Simply put, the average household net worth increased 3.70 to 4.80 times over the past twenty-year period. These data points are important when one considers, according to U.S. Trust, that 90% of high net worth households (an annual household income greater than $200,000 and/or net worth greater than $1,000,000, excluding primary residence) reported making charitable donations compared to 56% of the general population (7). This study found that high net worth donors gave $29,269 to charity in 2017 compared to the general population that donated $2,514 to charity the same year. High net worth individuals and couples comprise the majority of healthcare organizations’ major and principal gift donors based on Heaton Smith’s work since 2009. The significant increase in wealth alone creates meaningful gift planning opportunities for the healthcare sub-sector.

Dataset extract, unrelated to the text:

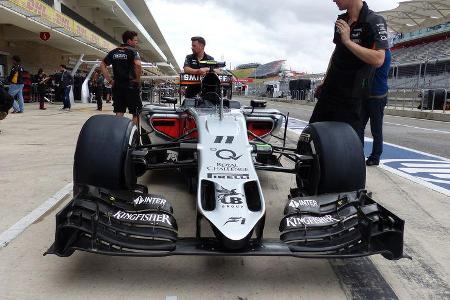 Force India - Formel 1 - GP USA - Austin - 22. Oktober 2015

Increased interest in gift planning. A material increase in wealth is often accompanied by more complex donor needs and goals that gift planning may help address. Needs and goals include writing a will, updating an existing estate plan, how and when to make gifts of assets rather than gifts of cash, tax planning, long-term income needs/goals, inter-generational wealth transfer decisions, and strategies for leaving a legacy for a healthcare organization and other not-for-profit institutions. For some higher-capacity donors, their needs and goals involve more than making a major, principal, or campaign gift to a healthcare organization. Solutions to donor needs and goals do not necessarily have to be complex, but sometimes complex needs and goals require more than simple solutions. The Giving USA Foundation "Leaving a Legacy" report found that 19% of respondents reported funding a current charitable trust (no testamentary charitable trusts were reported) (8). Charitable trusts can uniquely meet donors’ income, intergenerational wealth transfer, tax reduction, and philanthropic goals. The report also found that donors who funded charitable trusts had a net worth of $10,000,000 or greater, and they funded charitable trusts only after consideration of less complex gift options. This highlights the reality that for many higher capacity donors, a simple bequest does not solve their needs or meet their personal, family, or philanthropic goals.

Maximizing personal philanthropy. Most donors with whom my colleagues and I work want to help their healthcare organization “all they can, when they can.” These high affinity, high-capacity donors want to make a significant impact on healthcare organizations during life as well as at death. However, few donors understand the benefits and effects of gift planning on their estate, their heirs, and their healthcare organization. They are busy “living life” by working, traveling, caring for family members, and volunteering. It is a gift planning officer’s responsibility to spend the requisite amount of time with donors to understand their needs and to offer relevant solutions at the time of need rather than waiting until donors are in their 70s or 80s. How should the three aforementioned factors shape a healthcare organization’s gift planning program? Consider introducing donor-centric gift planning earlier in a donor’s cycle of generosity. Even donors in their 40s or 50s, depending on their fact pattern, may be interested in long-term gift planning. The following illustrates an outcome of this strategy.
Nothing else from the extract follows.